Publié en 1965, l’ouvrage de François Furet – La Révolution française (1965) – constitue un bel exemple de cette historiographie de commande. Soucieux de prendre le contre-pied de plusieurs décennies de recherches consacrées à la Convention et au Comité de salut public – dont les travaux marquants d’Aulard, de Mathiez, Lefevbre et Soboul –, François Furet prétendait « rééquilibrer » cette histoire en privilégiant la Convention thermidorienne et le Directoire. Il s’agissait pour lui de démentir l’interprétation marxiste lisant d’abord la Révolution française comme l’expression d’une révolte populaire, celle des Jacobins soutenue par l’avant-garde des sans-culottes.
Pour Furet, la révolution reste une manifestation d’élites qui aurait « dérapé » en 1793. La confiscation violente du pouvoir par le peuple durant la Terreur aurait ainsi perturbé le cours pacifique d’une modernisation sociale menée « par le haut », dès 1787. Dans son ouvrage, Penser la Révolution française (1978), il voit les prémices de la Terreur dès 1789 et perçoit « une possible consonance de la Terreur avec la Révolution tout entière ». Se référant beaucoup à Tocqueville, il défend une continuité entre l’Ancien Régime et la Révolution, dont le développement ne prendrait fin qu’avec l’arrivée au pouvoir des républicains opportunistes, qui différencient démocratie et révolution, en refusant de sacrifier la liberté individuelle aux nécessités historiques.

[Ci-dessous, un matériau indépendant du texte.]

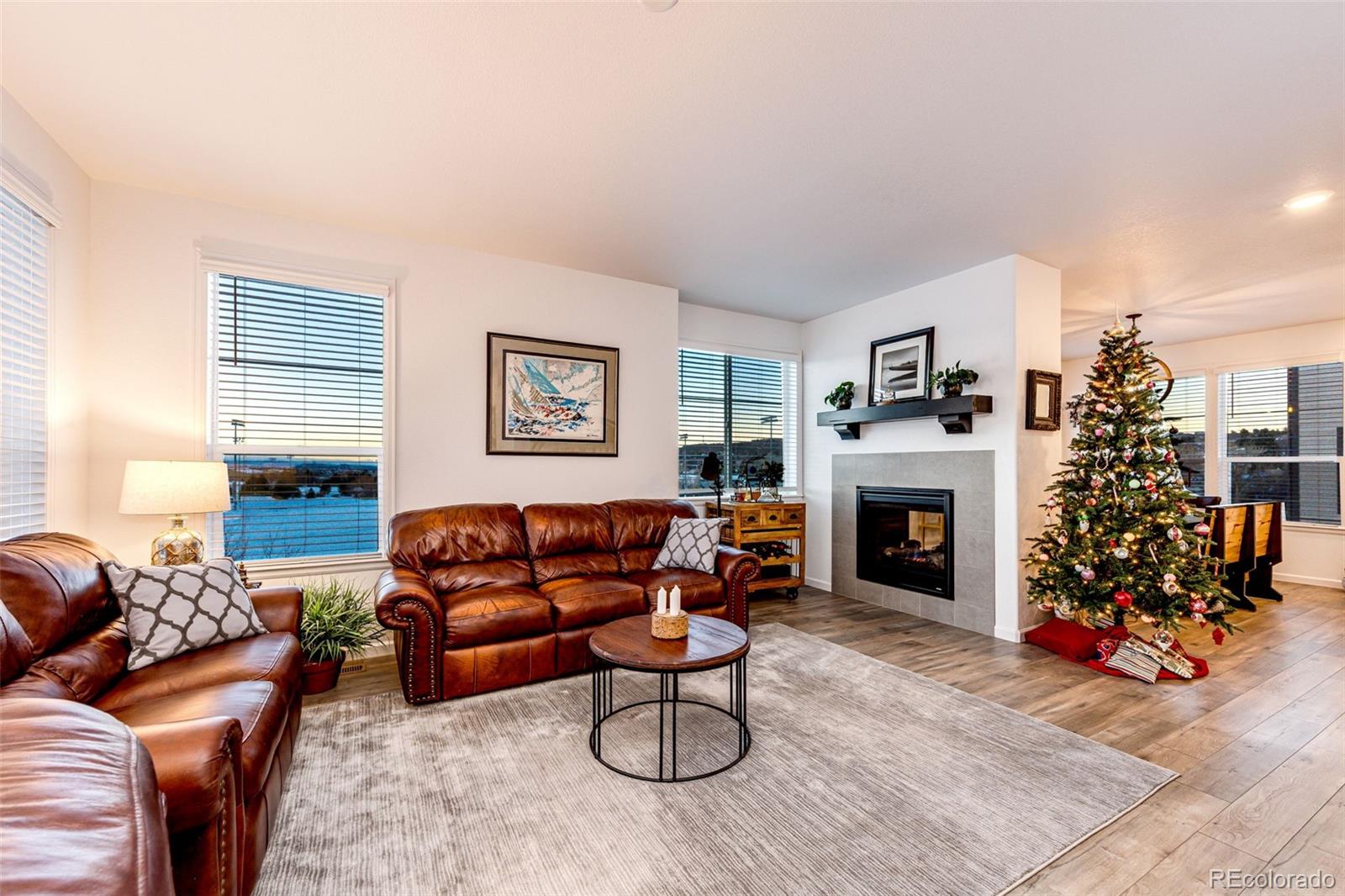 1532 Castle Creek Circle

Oubliant Furet, à l’appui des textes et d’archives minorés, l’ouvrage d’Éric Hazan tord le cou non seulement aux contresens sur la Terreur, mais il remet en perspective le 9 thermidor qui ne marque évidemment pas la fin de la Révolution, encore moins de l’Histoire. Resituant dans leurs différents contextes les articulations principales du processus révolutionnaire, Éric Hazan redonne une compréhension politique générale à des notions clefs : celles de république, de démocratie et de justice sociale. Il pourfend les légendes tenaces qui perdurent sur Robespierre, Danton ou les Enragés en nous rendant la Révolution française.
« Les héritiers des thermidoriens qui nous gouvernent et nous enseignent sans discontinuer depuis lors s’efforcent de travestir cette histoire », conclut-il. « Contre eux, gardons vivante la mémoire, gardons l’inspiration de ce moment où l’on peut entendre que les malheureux sont les puissances de la terre, que l’essence de la république ou de la démocratie est l’égalité et que le but de la société est le bonheur commun. »
Ce beau livre redonne espoir et fait oublier aussi les « experts » qui osaient écrire en août 2011, dans un quotidien français du soir : « Les jihadistes étaient paniqués par la vague démocratique en train de submerger le monde arabe. » Depuis, heureusement, et en écho aux derniers mots d’Hazan, d’autres mouvements se sont réveillés en Tunisie et en Égypte.
(1) Une histoire de la Révolution française, Éric Hazan, La Fabrique Éditions, décembre 2012.
(2) La Face cachée des révolutions arabes, Éditions Ellipses, décembre 2012, et Afrique Asie de février 2013.